**TASK STATEMENT:**
Copy the lines below exactly. No picture goes into the copy.

**SUPPLIED MATERIAL:**
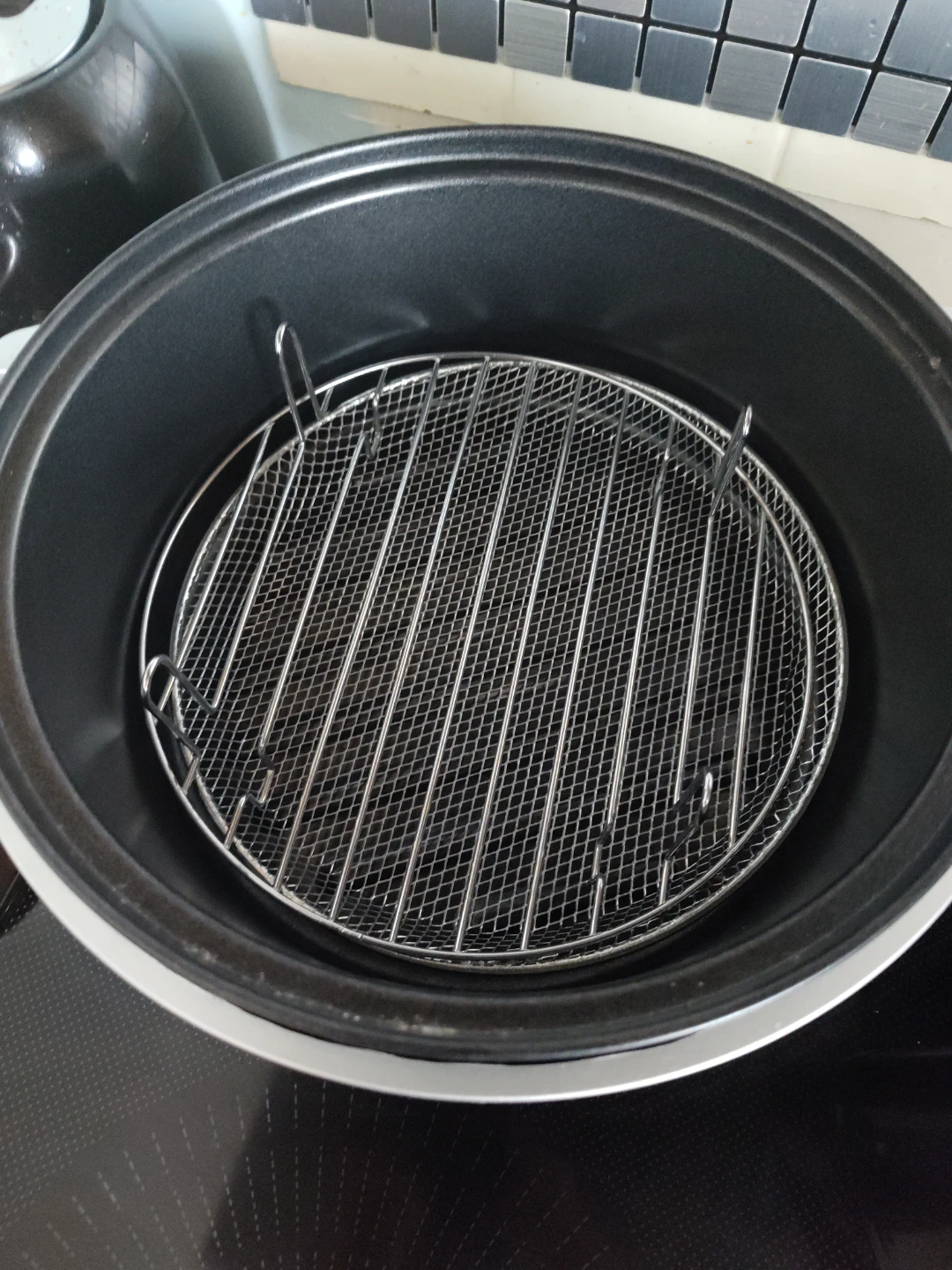 Black Air Fryer with Wire Rack - photo 2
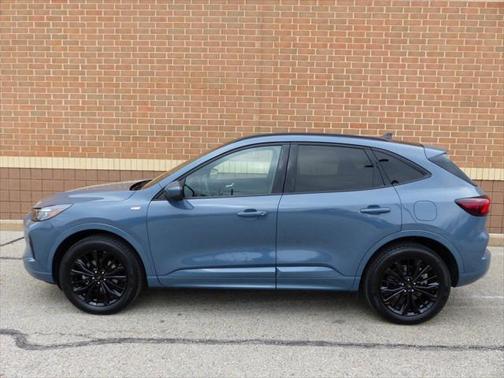 2024 Ford Escape ST-Line Elite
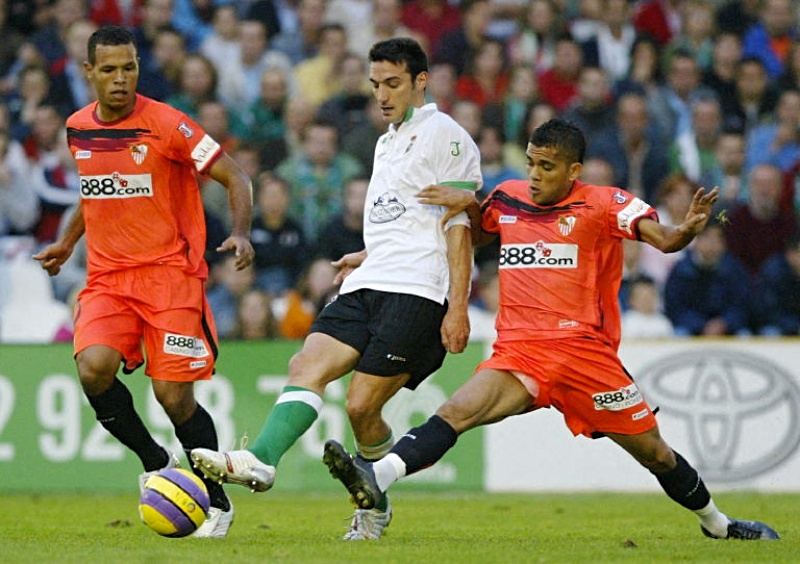 luis fabiano lionel scaloni dani alves racing sevilla miguel cavada diez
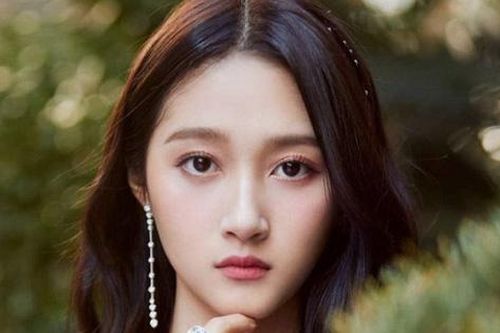 'Tiểu hoa đán' Quan Hiểu Đồng có làn da trắng sứ như em bé nhờ một loại nước mà chị em thường đổ đi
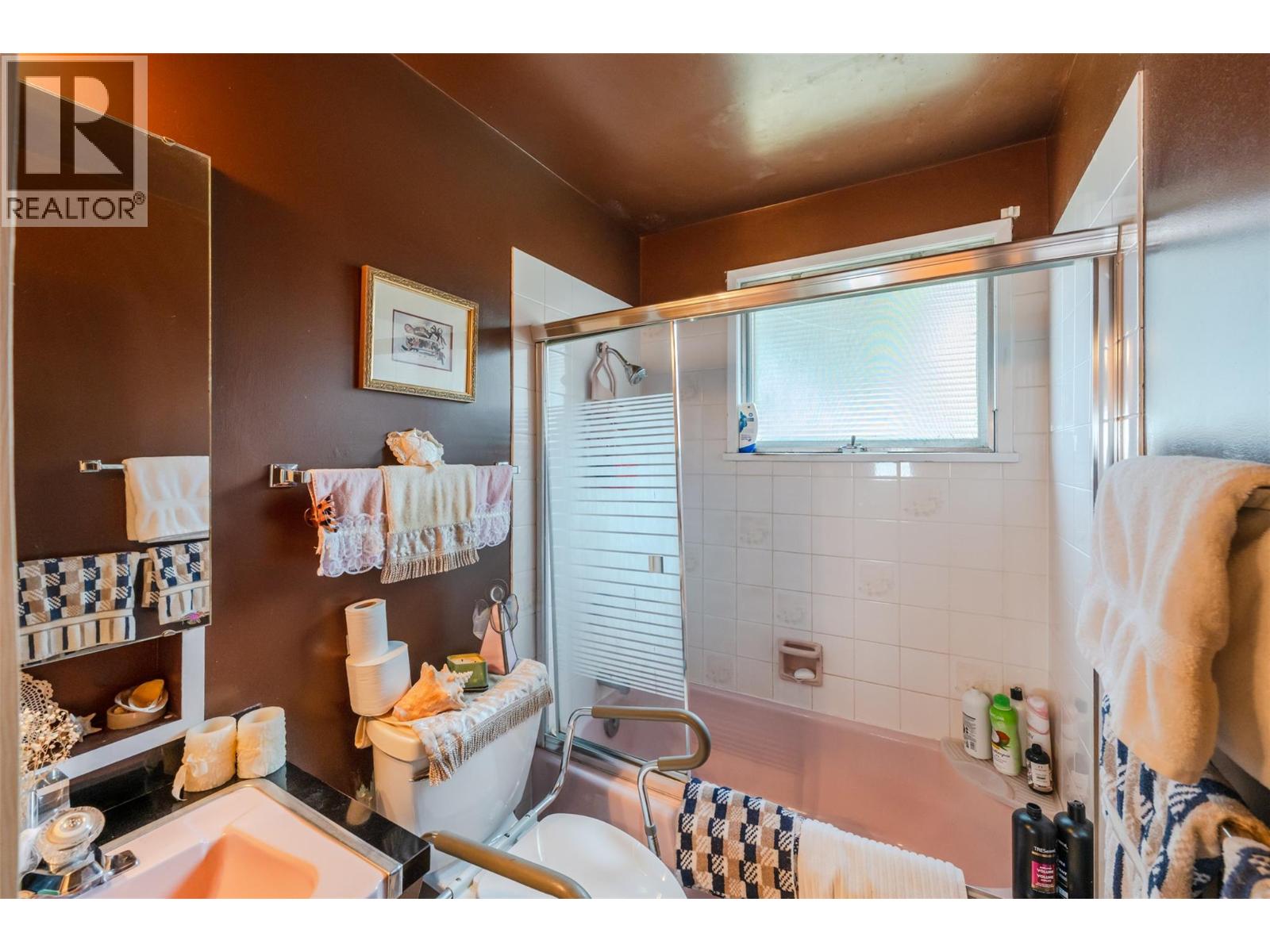  3935 Lakeside Road, Penticton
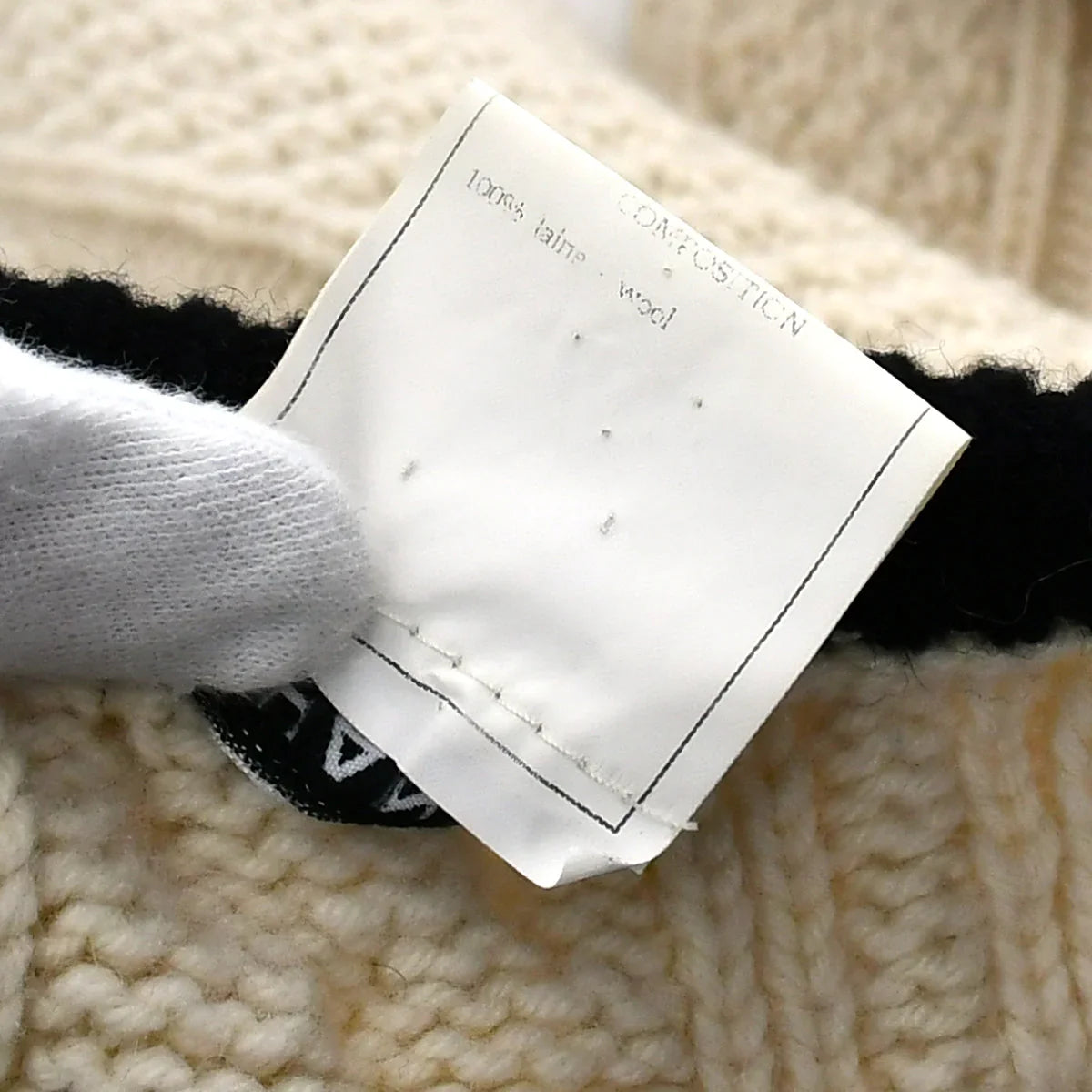 CHANEL スノードーム ２つ シャネル スノー ドーム 偽物 2024 ノベルティ ゴールド/レッド
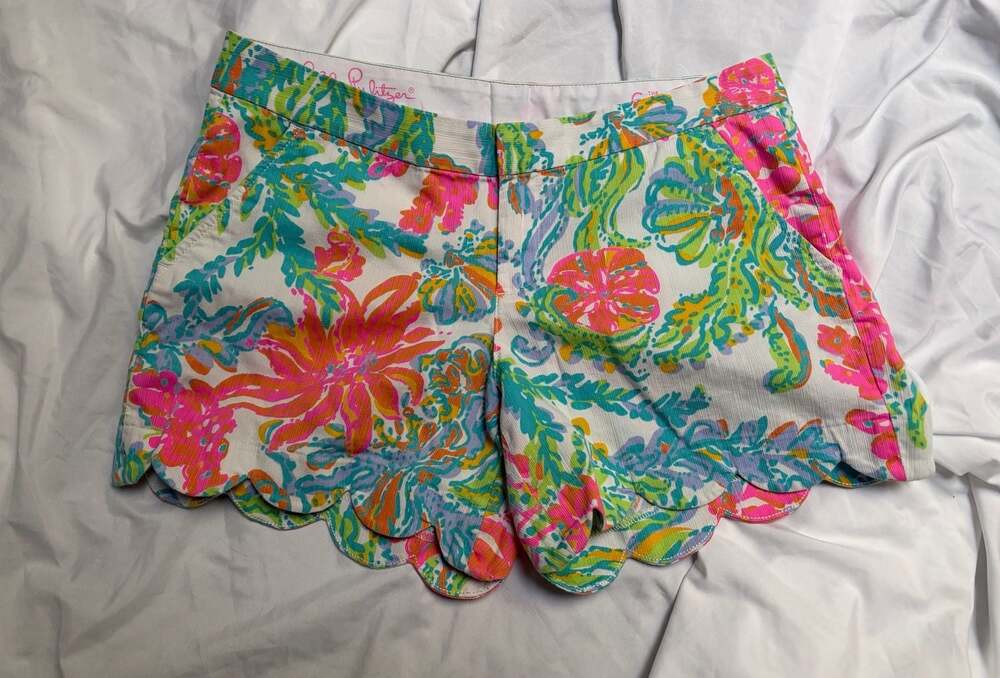 Lilly Pulitzer The Buttercup Scalloped Floral Print Shorts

**EXERCISE ANSWER:**
 Black Air Fryer with Wire Rack - photo 2
 2024 Ford Escape ST-Line Elite
 luis fabiano lionel scaloni dani alves racing sevilla miguel cavada diez
 'Tiểu hoa đán' Quan Hiểu Đồng có làn da trắng sứ như em bé nhờ một loại nước mà chị em thường đổ đi
  3935 Lakeside Road, Penticton
 CHANEL スノードーム ２つ シャネル スノー ドーム 偽物 2024 ノベルティ ゴールド/レッド
 Lilly Pulitzer The Buttercup Scalloped Floral Print Shorts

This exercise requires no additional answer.